Extracted records>
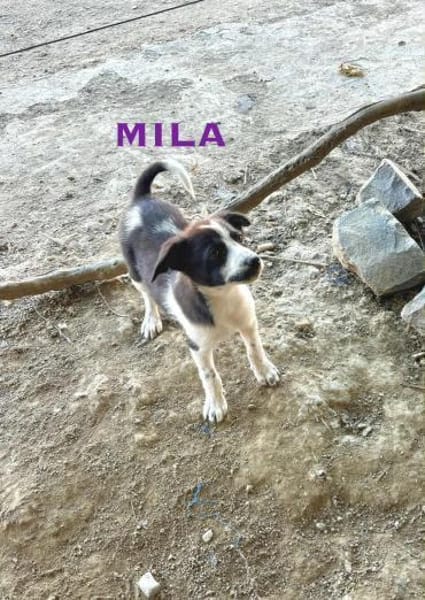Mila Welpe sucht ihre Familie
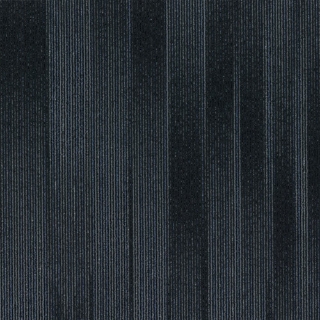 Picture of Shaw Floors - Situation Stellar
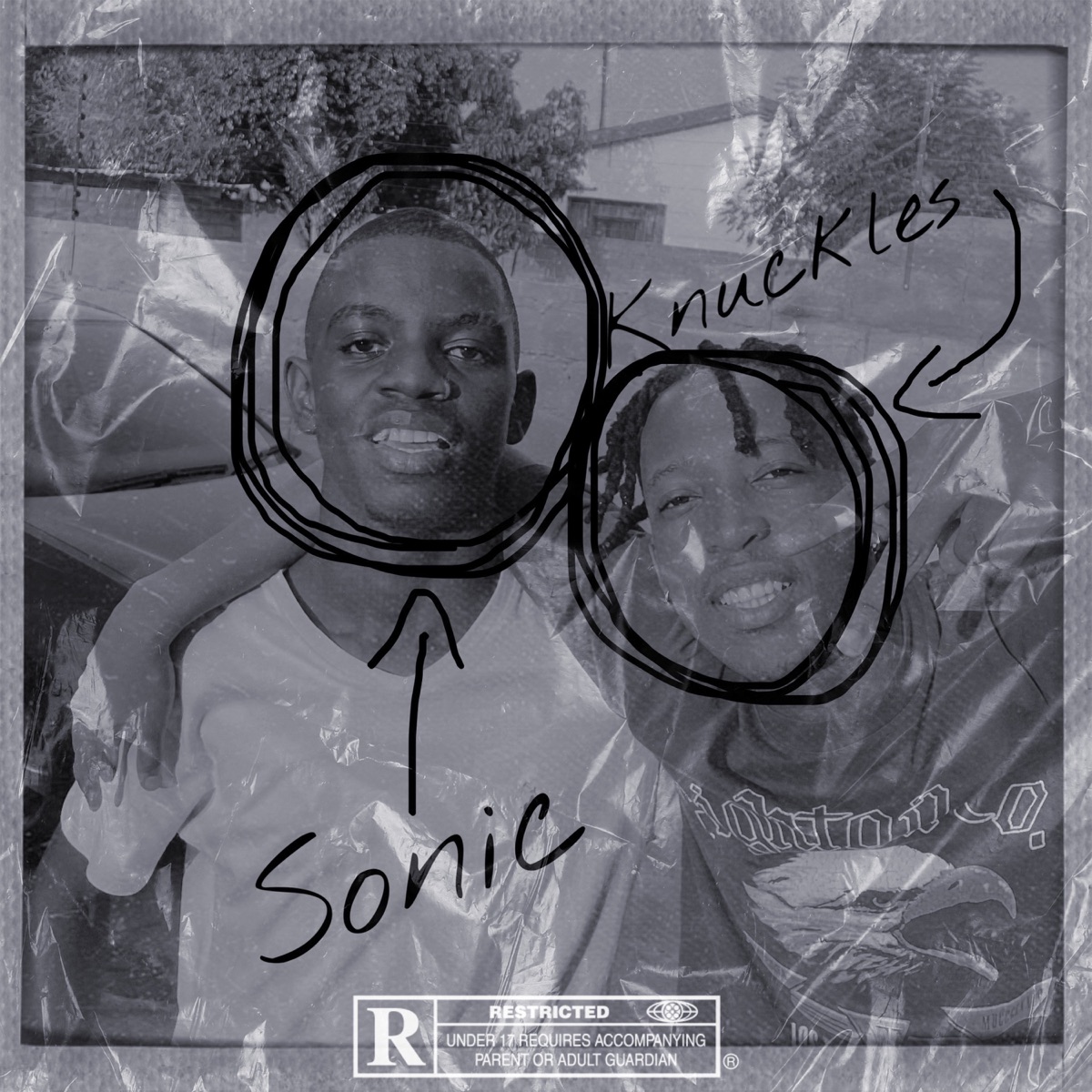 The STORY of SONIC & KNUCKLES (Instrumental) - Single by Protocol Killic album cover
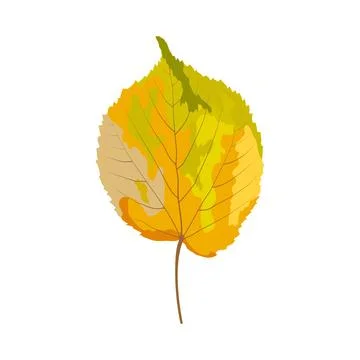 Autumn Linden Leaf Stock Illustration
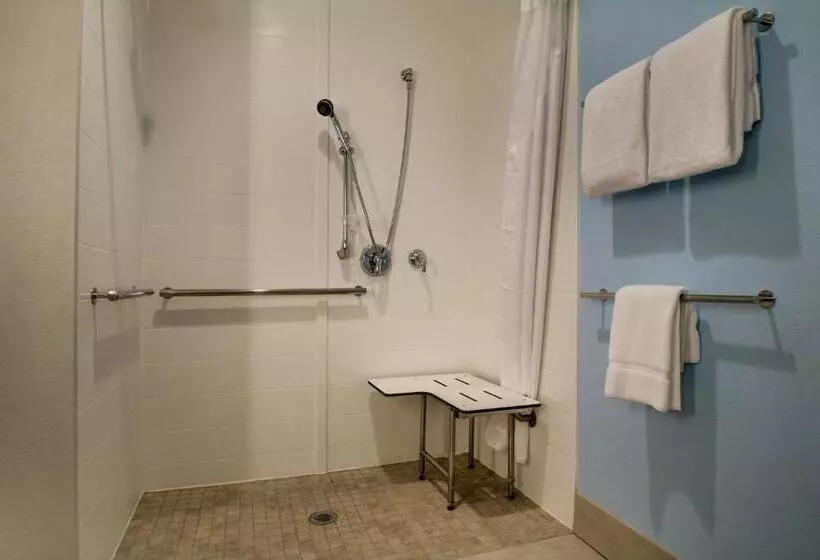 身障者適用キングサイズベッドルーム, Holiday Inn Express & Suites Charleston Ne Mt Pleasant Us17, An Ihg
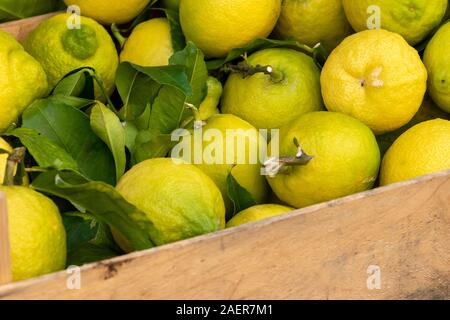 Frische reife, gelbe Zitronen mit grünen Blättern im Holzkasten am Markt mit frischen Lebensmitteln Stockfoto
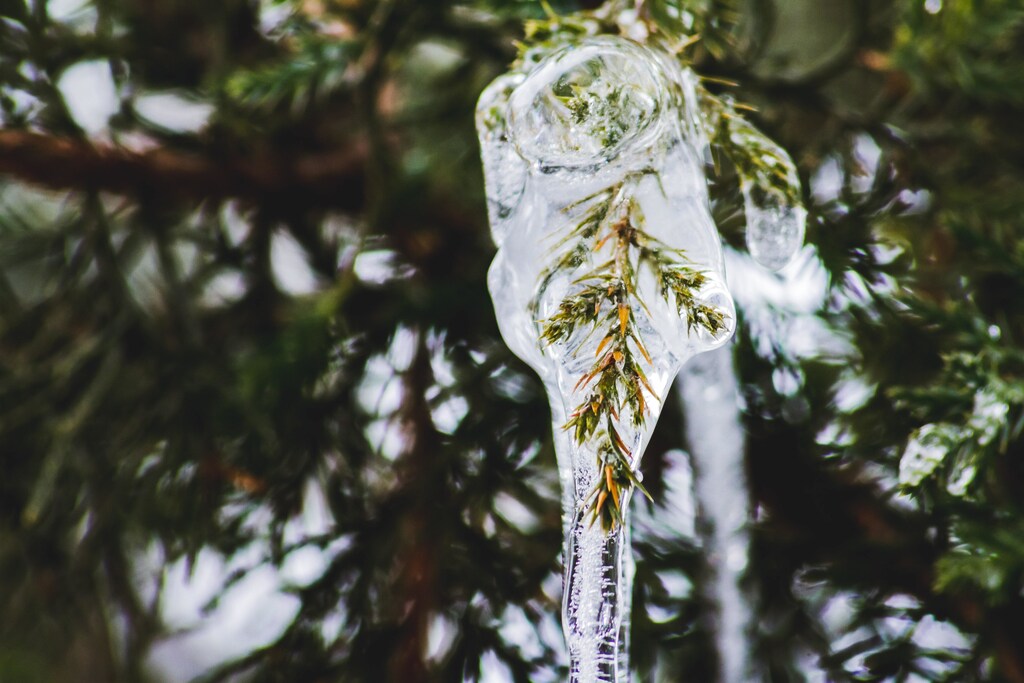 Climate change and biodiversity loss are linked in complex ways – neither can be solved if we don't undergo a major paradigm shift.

Description of the task> Once the line containing "The STORY of" has been found, write out exactly that line and each one after it through the end of the data, leaving out every picture.

Answer area>
 The STORY of SONIC & KNUCKLES (Instrumental) - Single by Protocol Killic album cover
 Autumn Linden Leaf Stock Illustration
 身障者適用キングサイズベッドルーム, Holiday Inn Express & Suites Charleston Ne Mt Pleasant Us17, An Ihg
 Frische reife, gelbe Zitronen mit grünen Blättern im Holzkasten am Markt mit frischen Lebensmitteln Stockfoto
 Climate change and biodiversity loss are linked in complex ways – neither can be solved if we don't undergo a major paradigm shift.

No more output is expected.